Des finances publiques locales embryonnaires et qui laissent peu de place à l’initiative.  Le budget communal est élaboré par le Maire et voté par le conseil municipal. Mais, il doit être approuvé par le Ministre de l’Administration territoriale et de la Décentralisation après l’avis conforme du Ministre des Finances ou des Préfets et après avis conforme du contrôleur financier pour les budgets inférieurs à 10 millions de FCFA. Les produits fiscaux (droit, taxes, redevances) perçus par les communes ainsi que les quotes-parts des produits fiscaux affectés par l’Etat, constituent l’essentiel des ressources des communes auxquelles s’ajoutent des subventions dont les montants sont généralement très faibles et les taux de réalisations très limités. D’une manière générale, l’essentiel des budgets des communes est consacré au fonctionnement, à savoir les salaires et les dépenses courantes. Toutefois, le faible taux de réalisation des recettes dans certaines communes ainsi que l’absence de trésorerie sont souvent à l’origine de retards ou d’accumulation d’arriérés de salaires. La plupart des bâtiments abritant les services communaux sont délabrés faute de crédit d’entretien. Seules les quelques rares communes disposent de moyens roulants ; le matériel de bureau est dans l’ensemble vétuste, celui de l’informatique est presque inexistant. Il en est de même pour les outils manuels et de travaux publics de voierie et pour l’assainissement des villes.

C’est dans ce contexte que le Premier Ministre le 03 septembre 2011 dans la lettre de Mission à moi adressée par lui m’a instruit de solliciter à nouveau les partenaires techniques et financiers. En effet, il n’est pas inutile de rappeler que ce n’est que récemment que la décentralisation et le développement territorial ont fait l’objet d’une attention particulière des partenaires techniques et financiers.
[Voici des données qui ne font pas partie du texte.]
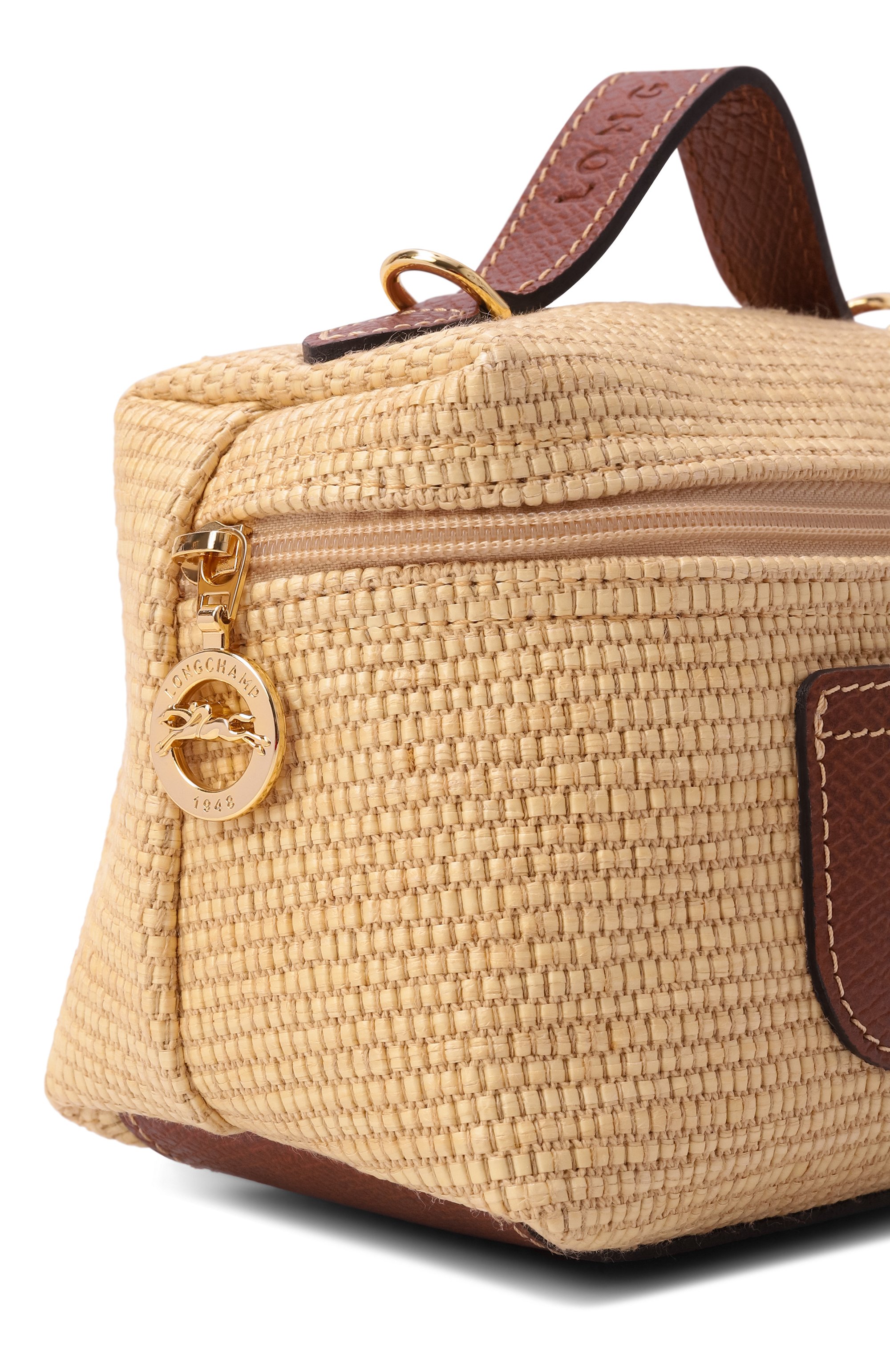 Сумка le panier pliage xs LONGCHAMP, арт. 10187HGK/HGK, фото 6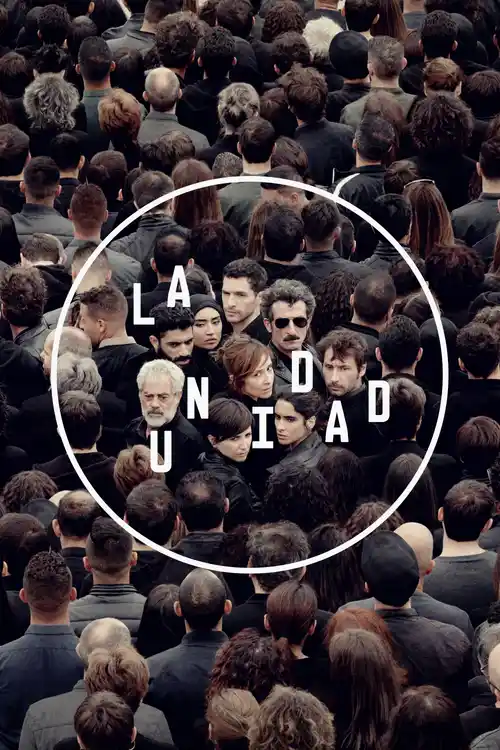 Download La Unidad (Season 3) Dual Audio {Hindi Spanish} Series 480p 720p & 1080p WEB DL 14 la unidad season 3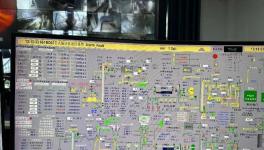 噸水泥粉磨系統(tǒng)電耗直降13.9%！華南水泥龍頭的省電妙招！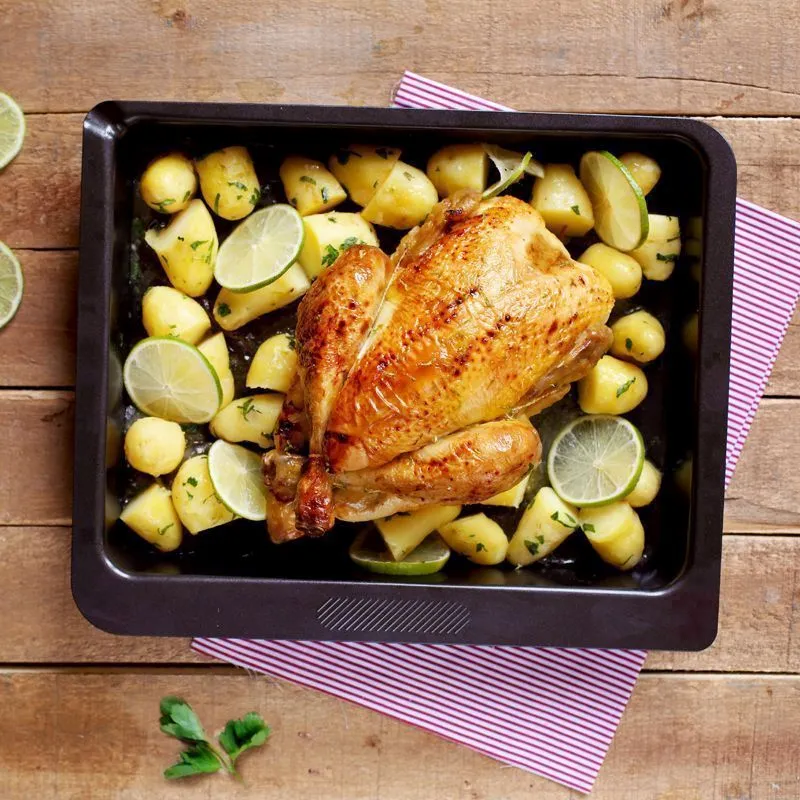 Pyrex Magic 30cm Rectangular Roaster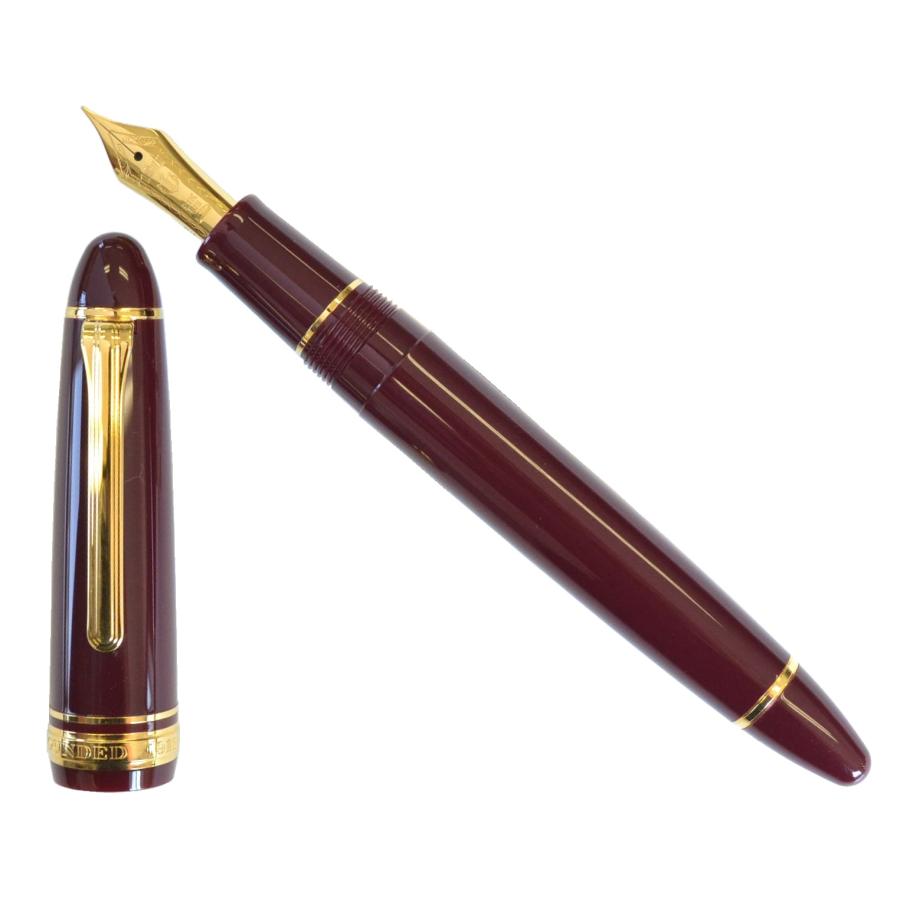 セーラー万年筆 プロフィット21 マルン 細字 11−2021−232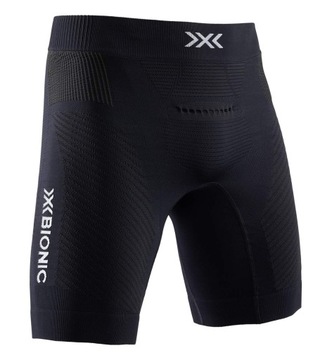 Мужские шорты X-Bionic Invent 4.0 Run Speed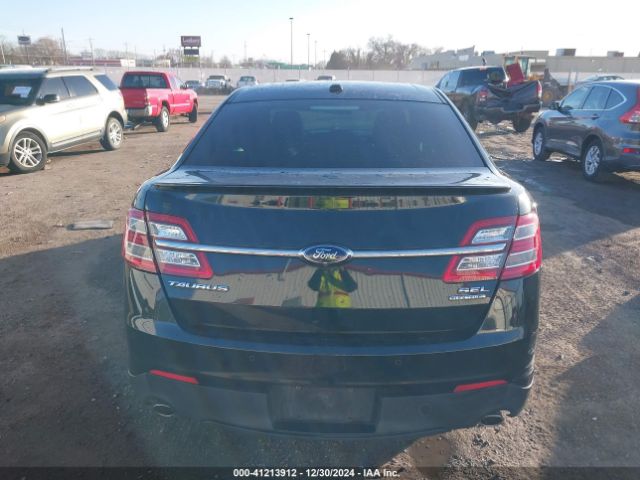 1FAHP2E81EG134173 Ford TAURUS SEL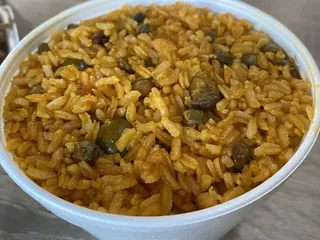 Rice N Beans Express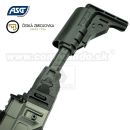 Airsoft CZ 805 BREN A1 DT-Grey PL AEG Dekoracia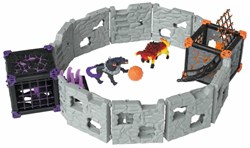 Schleich Eldrador Creatures - BattleCave Arena Lava vs. Schaduw speelgoedset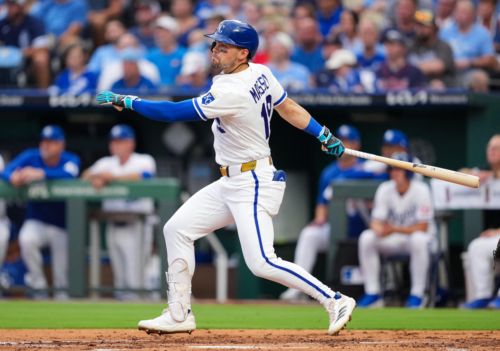 Royals 8, Twins 2: A bad baseball game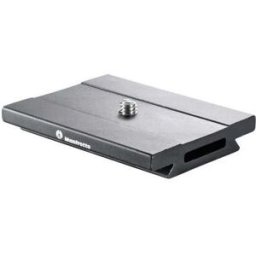 Placa para trípode Manfrotto MSQ6PL
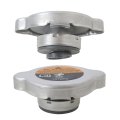 Version 2x Radiator Cap Assembly For Nissan 21430-8991a 21430-8997a 6l2z8100ac 137kpa 1 3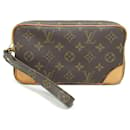 Marly Dragonne PM Clutch Bag von Louis Vuitton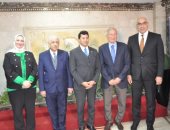 وزيرا التعليم والرياضة يوقعان بروتوكولا لنشر لعبة كرة اليد بالمدارس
La RCA encore une fois étant considérée comme un pays post-conflit, la priorité est de mobiliser des ressources pour réhabiliter les infrastructures et assurer le relèvement par une politique de développement à partir de la base afin d’atténuer les souffrances des populations gagnées, nous ne le répèterons jamais assez, gagnées de plus en plus par la pauvreté. A ce stade, de notre allocution, le Gouvernement exprime sa gratitude aux partenaires pour tous les projets devant permettre de voir une partie des promesses de la Communauté internationale se réaliser : le PNUD à travers le PCGD et le projet relatif à la stratégie de développement des capacités pour la Décentralisation et le développement local. L’appui de l’Union Européenne s’inscrit dans une logique de pôle de développement (PDD). 10 pôles prioritaires ont été identifiés dans une logique de concentration régionale et polarisée des investissements à réaliser. Les interventions directes au chapitre de la décentralisation demeurent rares dans le partenariat BAD-BM alors que le DSRP mentionne spécifiquement la décentralisation comme l’un de ses objectifs stratégiques je cite : « Redynamisation du processus de décentralisation et de la réorganisation de l’administration territoriale » objectif pour lequel des cibles et des actions spécifiques sont proposées pour les communes.

Le Gouvernement sur la question du développement local toujours exprime sa gratitude à la société civile à travers une proportion importante d’ONG internationale qui interviennent dans notre pays. Pour certaines, dans le domaine du développement local et pour d’autres dans le domaine humanitaire, à titre indicatif, je citerai : COOPI, Caritas, Solidarité, DRC, Cordaid, Echelle, RADI, CEDIFOD, Ambassade Chrétienne etc…

Mesdames, Messieurs, je ne saurai clore mes propos introductifs sans pour autant rappeler qu’en bonne administration il faut éviter la confusion des leaders-pilotes. Dans notre pays, il n’y a pas de confusion, les choses sont claires, le haut commissariat à la décentralisation est une administration de mission chargée de la conception. Les 8 textes législatifs et réglementaires conçus et validés en juillet 2011 lors d’un atelier national vous seront présentés lors de ce séminaire.

Le Ministère de l’Administration du Territoire et de la Décentralisation est de part ses attributions le leader-Pilote de la mise en œuvre. C’est dans ce cadre qu’il organise avec l’appui du PNUD cet atelier afin d’équiper ses cadres, au pilotage de la mise en œuvre des politiques de décentralisation, de la déconcentration et du développement local en République Centrafricaine.

Bon séjour aux intervenants qui ont fait le déplacement de Bangui, aux participants, bonne implication, au PNUD, merci pour son appui indispensable.

 

Je vous remercie !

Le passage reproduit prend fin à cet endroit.